Classic Macsween haggis, neeps and tatties

Peel the vegetables. Dice the turnip and carrot into 1cm cubes and cut the potatoes in half. Place the prepared potatoes in a pan of cold, salted water and place the turnip and carrot in a separate pan of cold, salted water.

 Bring both pans of vegetables to the boil, and then reduce to a simmer and cook until they are soft, about 20-25 mins. Test the vegetables with a sharp knife before draining, especially the turnips as they need to be nice and soft in order to mash properly.
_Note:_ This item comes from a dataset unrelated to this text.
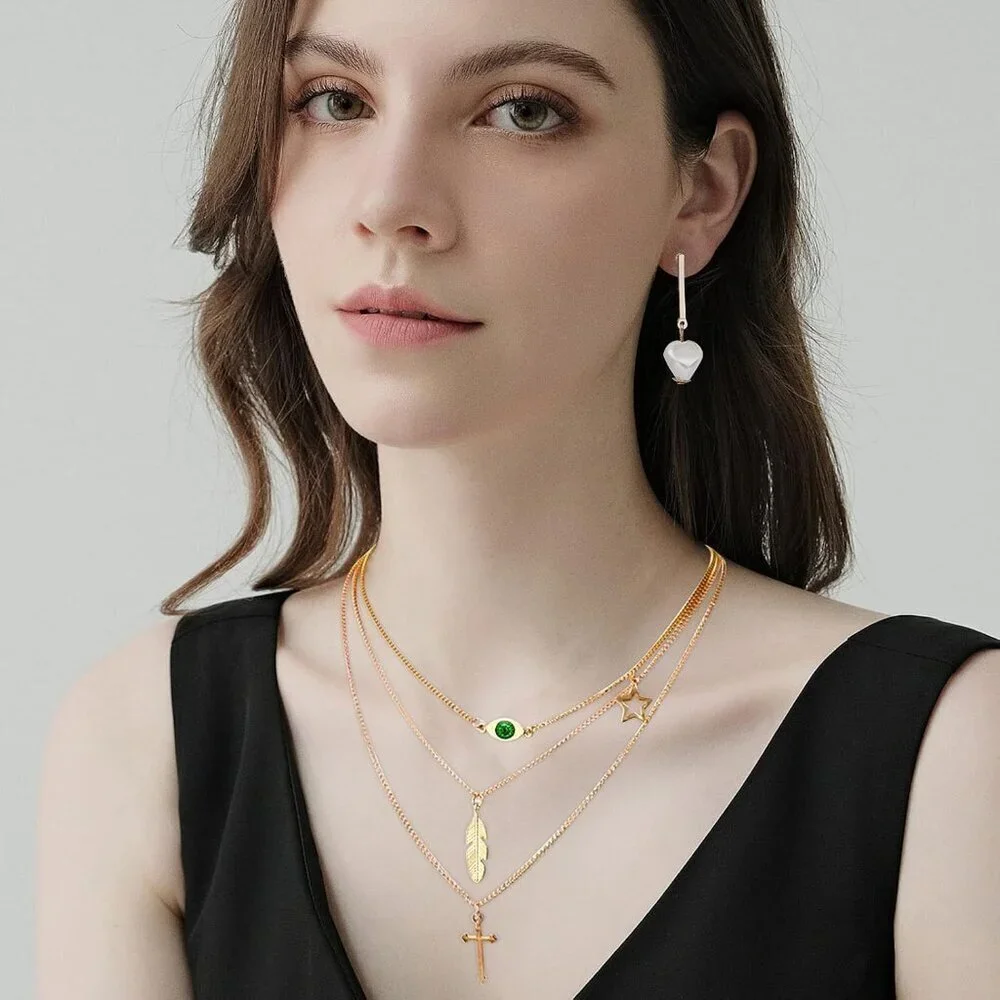 Jewelry Set Alloy 38 Pcs Necklace Bracelets Earrings Fashion Gift for Women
Once the vegetables are cooked, drain them separately and allow all the steam and moisture to evaporate. This will ensure creamy potatoes and turnips that are not watery!

 Add the butter, hot milk, salt and pepper to the potato and mash until you have creamy, lump-free mashed potatoes. Mash the turnips & carrot, adding butter, salt and pepper to taste, it is recommended that you retain some texture, so don't mash until creamy. This allows for a good contrast to the smoother, creamier texture of the potatoes in the finished result.

Keep the mashed vegetables warm. Take the cooked haggis out of the oven, cut open and spoon into serving dishes, along with the mashed neeps and tatties.


I tweaked the recipe slightly, making a root veg mash using potatoes, carrots and parsnips, as that's what was in the fridge. I put them all in the same pan and mashed the whole lot together at the end of the cooking time. I also followed a recipe idea that I'd seen on Chez Maximka blog, using clotted cream for the ultimate creamy mash, so I scooped a generous dollop of of Rodda's Clotted Cream into the finished mash, along with a small amount of butter, instead of the milk.

We weren't sure what to expect when we sampled the haggis but it's actually really nice - the kids said that it tasted like a cross between a beefburger and a sausage (whatever that tastes like !) and were happy to eat it.  The grown-ups also liked it, although we were unable to define the different spices and ingredients that were in it. So a unanimous thumbs up for the Traditional Haggis, but what would we make of the other two? Watch this space to find out !

Disclosure : I received a selection of MacSween Haggis goodies in order to write an honest review.

Other blogposts you may be interested in :

Cairnsmhor range of handbaked Scottish sweet and savoury treats


  1. I gave my Mum a copy of the Macsween Haggis Bible and since then her new favourite meal is Haggis Bobotie, she cooks it about once a week and never seems to tire of it. It sounds odd to me - but it's keeping her happy!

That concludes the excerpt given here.